Netflix’s quirky teen comedy Never Have I Ever has gracefully tackled messy issues such as grief, immigration, and queer identity. Mindy Kaling’s sharp screenwriting has done an excellent job giving the show’s protagonist, Devi (Maitreyi Ramakrishnan), all of the nuances of a first-generation Indian-American teen girl. At the same time, Kaling’s writing team also took time to give depth to secondary characters, particularly Devi’s relatives. Kamala (Richa Moorjani), Devi’s live-in cousin, was the subject of the series most serious and topical narrative to date. After the Bon Appetit racism scandal and so many other corporate diversity reckonings last year, Never Have I Ever explored the tribulations facing young female and BIPOC professionals today.
At the start of season two, Kamala jumped at an opportunity to join a research lab to advance her PhD studies. Once enrolled, she quickly discovered that she was the only woman the lab. One of her colleagues, Evan (P.J. Byrne), immediately treated her as a subordinate, making her clean beakers instead of allowing her to get down to scientific business. He also mispronounced her name after Kamala’s fruitless attempts at correcting him. As her mentor abused his longer tenure in the lab by making her work extra hours, Kamala slowly figured out that her work was being taken for granted. Despite working harder and showing superior intellect to her peers, sexism and racism determined her place in the hierarchy of the lab.
In art as in life, putting up with inferior treatment on the basis of race, gender, or both never ceases to be shocking to the person enduring it. In fact, the shock may be so great that one may not believe it’s happening at first. An excellent characteristic of this storyline’s writing was how Kamala was dismissive of her own mistreatment initially. When you’re someone in Kamala’s position, there’s an urge to make excuses for microaggressions, a psychological need to explain away condescending comments to avoid cognitive dissonance about being a victim.
That’s the trap of white patriarchy — denial of our victimhood within it is understood by the powerful as acceptance of its abuses. In Kamala’s case, her compliance with Evan’s wishes in the beginning was the set-up for worse transgressions down the line. It didn’t help that Kamala’s grandmother and boyfriend encouraged her to be submissive to her peer’s demands, telling her in so many words to shrink herself to escape from the lab rotation unscathed. Kamala’s boyfriend Prashant (Rushi Kota) told her more than once not to "burn bridges" to ensure her career longevity. In a comical scene, Kamala questioned Prashant about his advice, which was to somehow keep her head down while holding her chin up.

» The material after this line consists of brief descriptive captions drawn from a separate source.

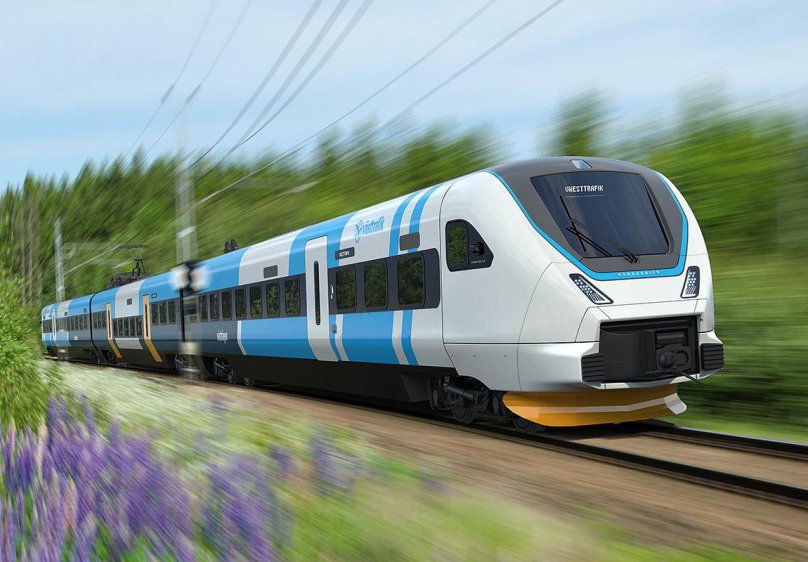 Bombardier Twindexx Swiss Express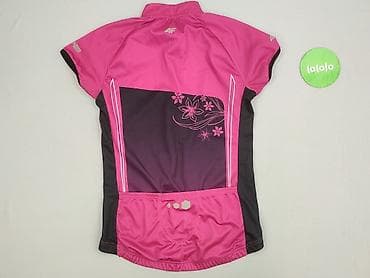 4f spodnie rowerowe: 4F, T-shirt damski, rozmiar S — 3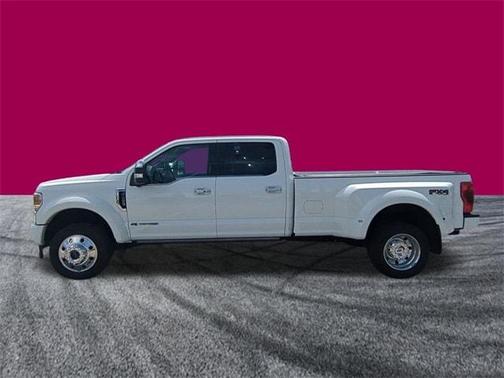 2021 Ford F-450 Platinum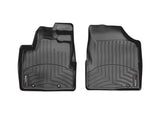 WeatherTech WeatherTech 06+ Honda Ridgeline Front FloorLiner - Black WET-440501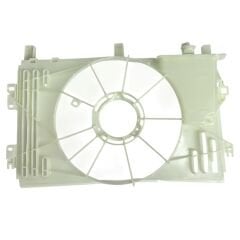 Toyota Davlumbaz Fan Corolla 02-06 (Beyaz Su Depolu)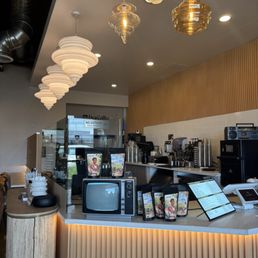 ordering area ordering area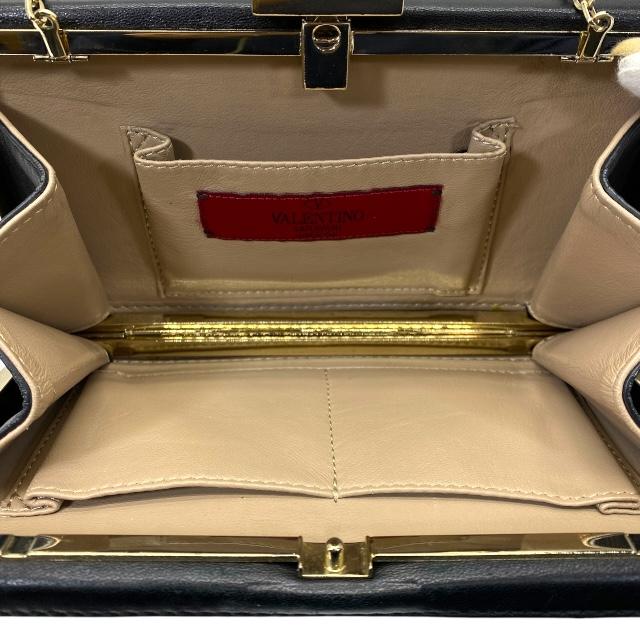 VALENTINO ヴァレンティノ ハンドバッグ チェーンバッグ ミニ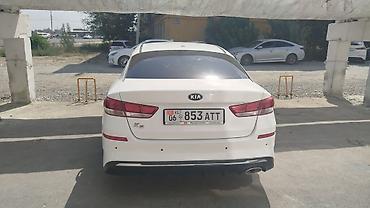 kia k6: Kia K5: 2019 г., 2 л, Автомат, Газ, Седан — 4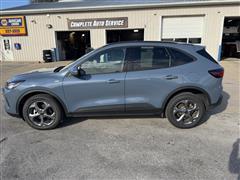 2025 Ford Escape 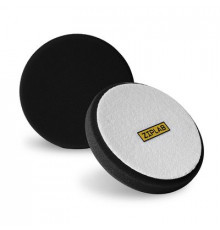 Полиров.губка на липучке МЯГКИЙ черный, 150мм, толщина 25мм ZIP LAB 90503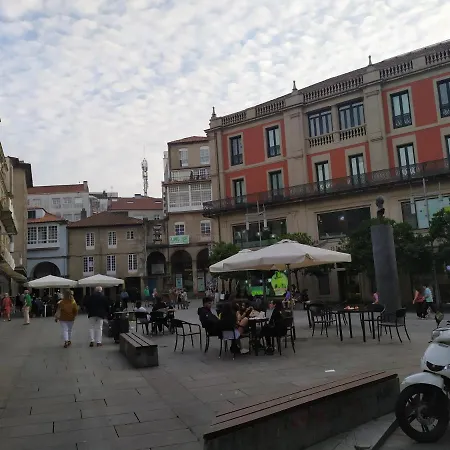 Minerva Διαμέρισμα San Salvador de Poio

Even as she followed his advice by attempting to assimilate into the lab group’s nerdy activities, she was still treated as inferior. When Evan and Setseg came to pick Kamala up to go to a cosplay event, Nilani referred to them as her friends, but Evan was quick to correct her by saying they were Kamala’s bosses. After humiliating herself by putting on ridiculous costumes and pretending to like K-pop, Kamala discovered that her name had been omitted from a research paper she’d worked on that was to be submitted for scholarship.
When Kamala brought the issue to Evan’s superior, Dr. Peters (John Mawson), he gaslighted her by assuring her she was likely excluded from the paper for a reason. He told her that he didn’t get involved with the “politics” of the lab, and that she shouldn’t waste the hour he’d set aside for her talking about coworkers. He then proceeded to talk about himself as Kamala sat silently defeated. This reflects the fortification of oppressive structures in the U.S. Any perceived threat to the established social order is to be silenced, dismissed, and downplayed as noise. People with stakes in the system, typically those with interests in preserving their status within it, will always defend those who act in alignment with the status quo. Dr. Peters taking Kamala’s concerns seriously would have meant conceding power. He would've had to admit that biases existed within his science practice to keep women and people of color away from positions like his. Cutting marginalized folks’ confidence at the knees ensures that such exposure never happens.
But after weeks of gaslighting from her peers, it was none other than Devi who gave Kamala a dose of courage. Devi affirmed to her cousin that her gut instincts about being abused were correct, and encouraged her to fight for her dignity. Thus, near the end of the season, Kamala channeled Devi’s teen angst and, with the help of Setseg (Eugene Prokofiev), added her name to the research paper. When Evan caught her in the act, she threatened exposing him for the racist and sexist scum he was. Ironically, it was at this moment that Kamala’s lab mates erupted in cheers. This showed (perhaps unintentionally) how apathetic people are complacent to watch abuse happen until it is rightfully recognized as such, and will subsequently pretend they were on the victim’s side all along.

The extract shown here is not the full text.